Gallagher is grateful to McGee for seeing more stories about Northern Ireland told with nuance, including the “incredible” Blue Lights. And then Derry Girls happened. She writes about what she knows to be true. This isn’t just a TV show about the Troubles. It’s a human relationship. Its humor and pain. Her sisters and I often talked about how we empathized with her four girls. I watched the final episode on the plane on the way to the casting, and I was so relieved that I burst into tears. ”

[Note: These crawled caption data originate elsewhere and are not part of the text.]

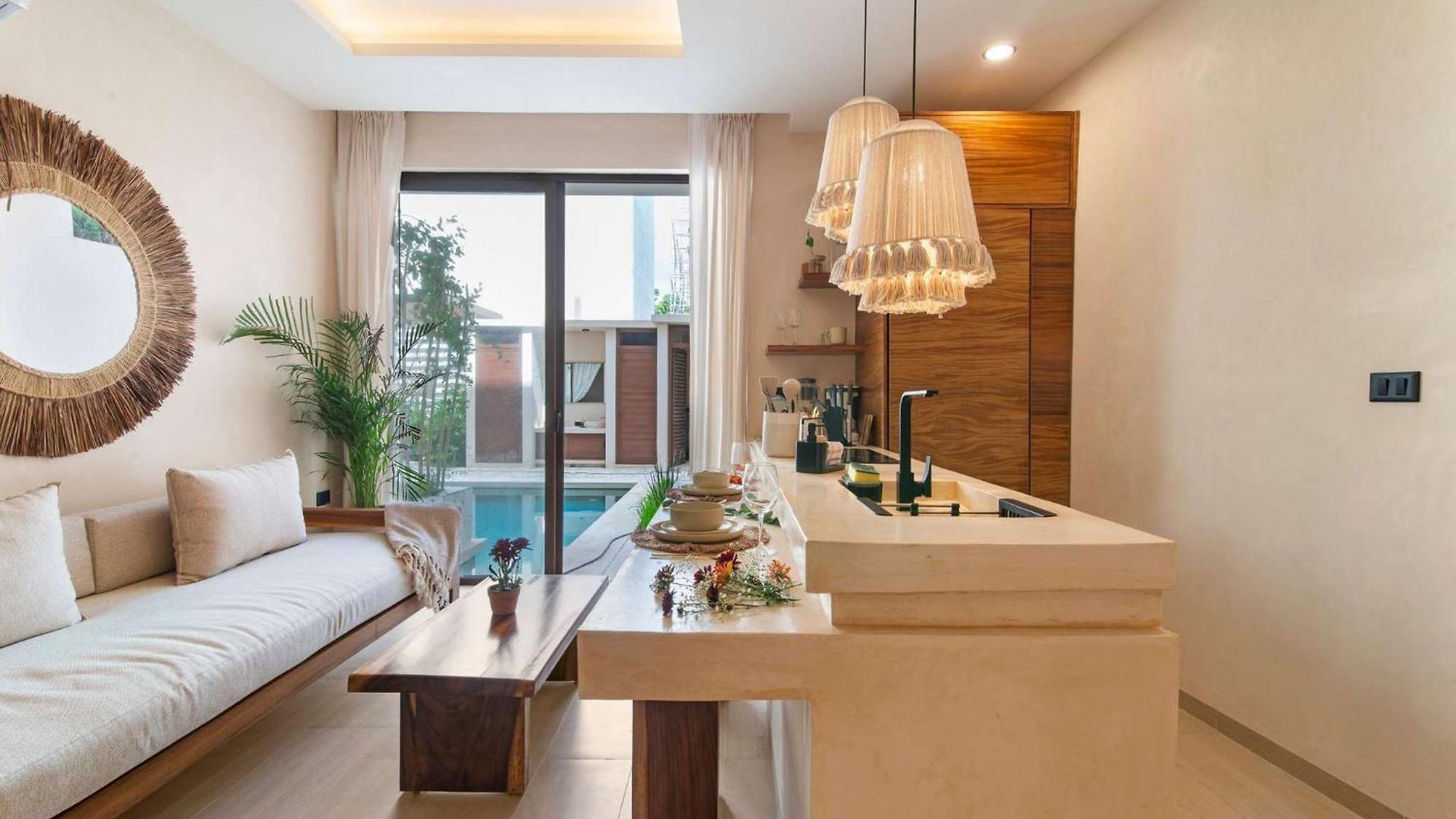 Boho With Swim-up Pool - La Veleta *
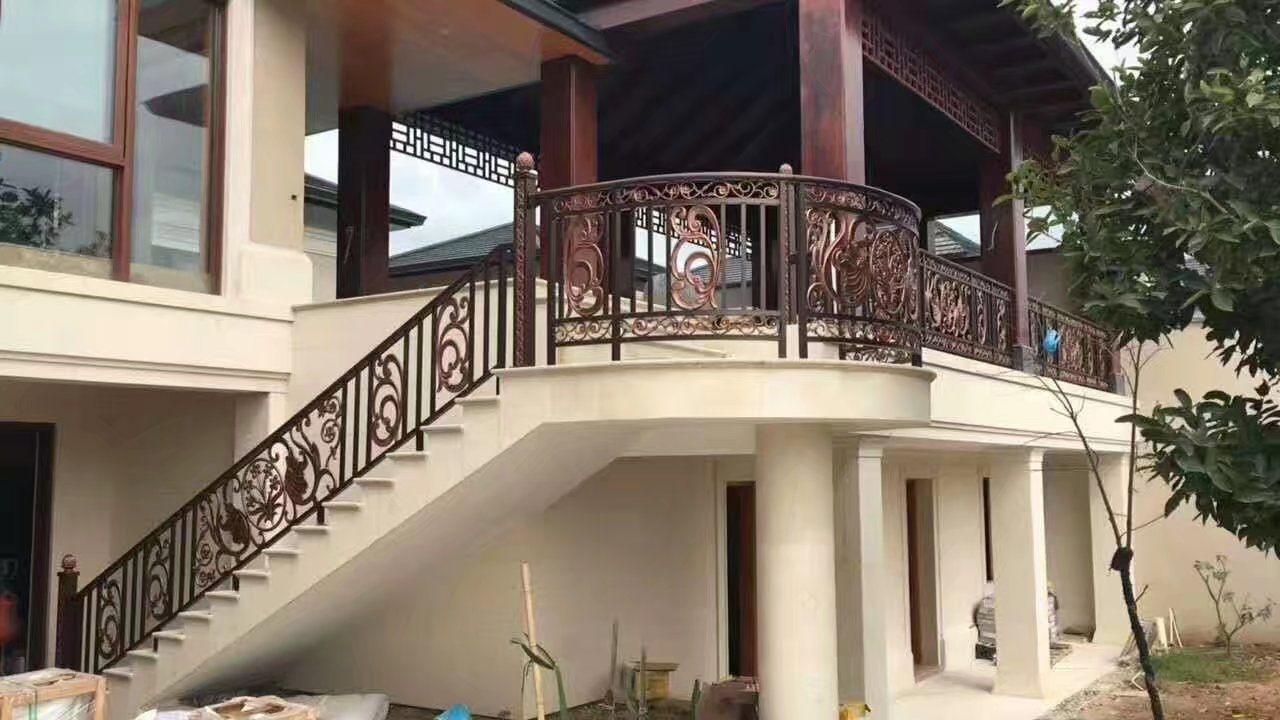 Chinese-Style Aluminum Decoration Cladding Balcony Fence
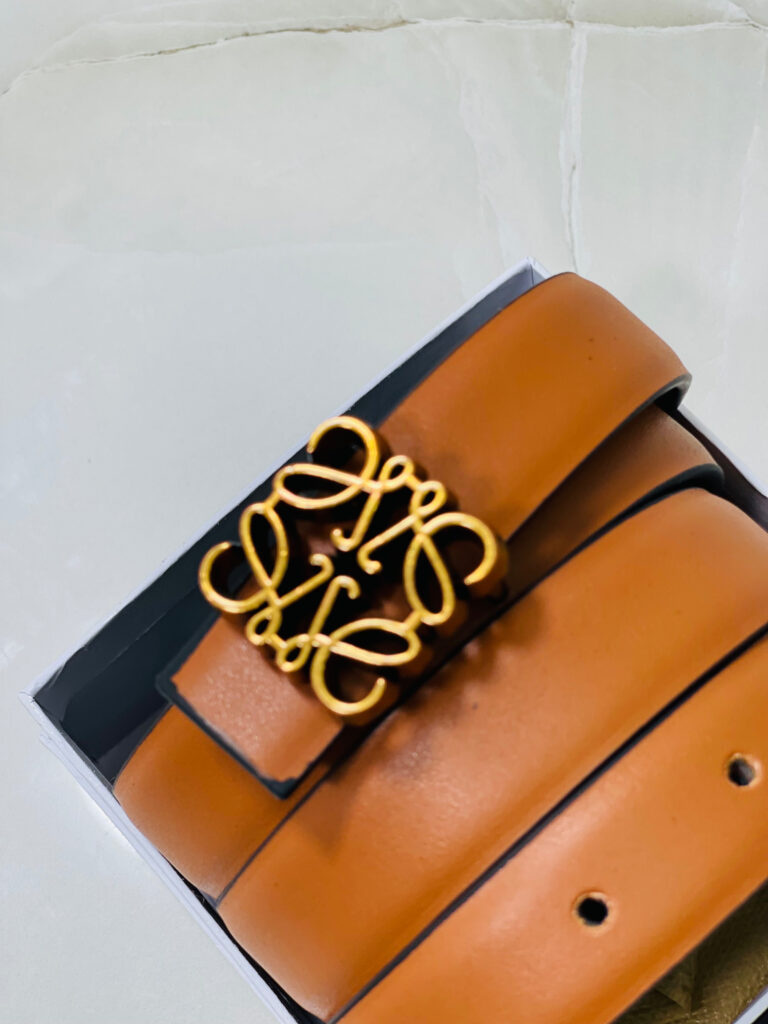 قشط من loewe مع بوكس - لون عسلي هاردوير دهبي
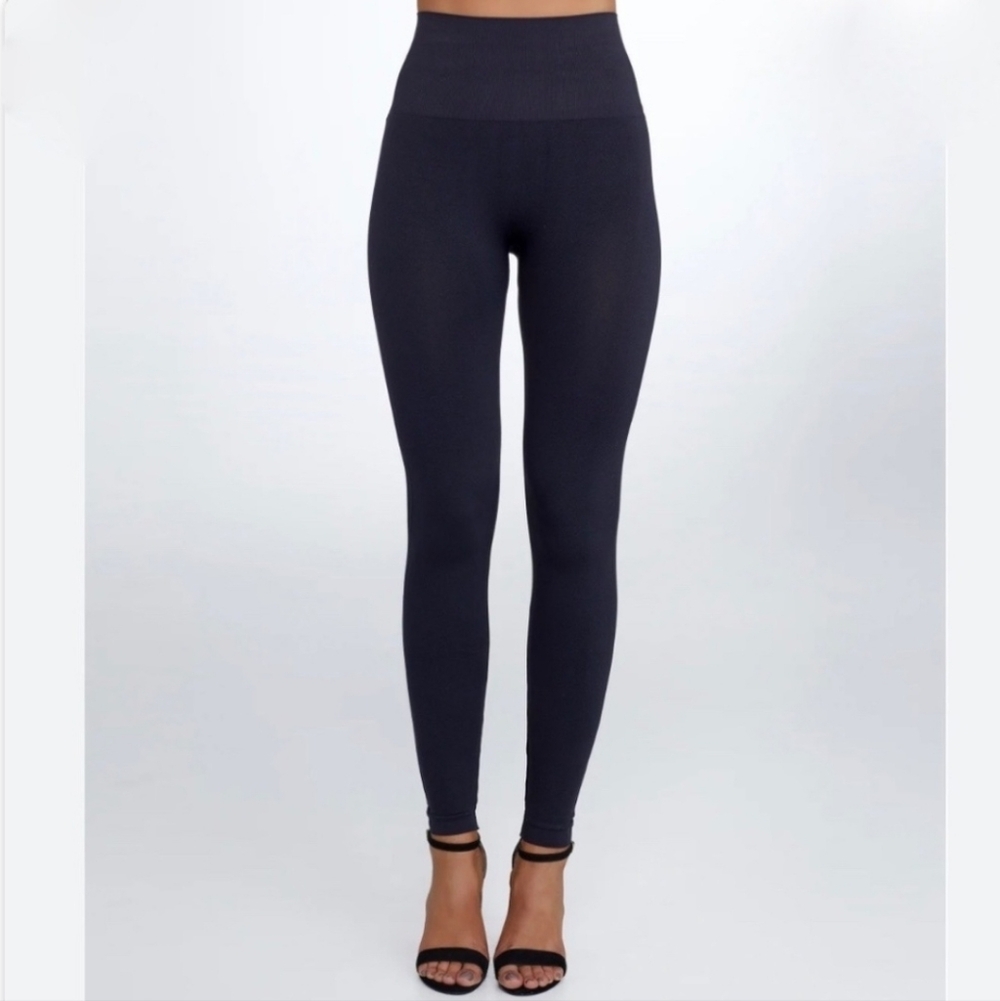 Spanx Look At Me Now Seamless High-Waist Leggings Black Size M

There’s also something to be said about women over 35 leading stories on screen. “When you start seeing more stories about women over that age, to be really honest, there are some great characters. Look at ‘Motherland’ and ‘This Way Up.'” She says women in their 50s and 60s need to be heard. Meet Shiv’s mother Bernie (played by the wonderful Pomme Boyd). It turned out that she was right about killing her husband next door, but no one listened to her opinion. I’m here, I have a voice, and now I’m ready to roar. ”
So what story will Gallagher tell next? Now she is in recovery mode. That’s the benefit of not having to rely on stage work anymore. “Downtime wasn’t something I really experienced before. I had to keep working for financial reasons, and it was month-to-month.” But she doesn’t take too much time off. It is not. “I want to do movies and West End shows,” she says. “I’m a very greedy actor, so I’m willing to do anything.”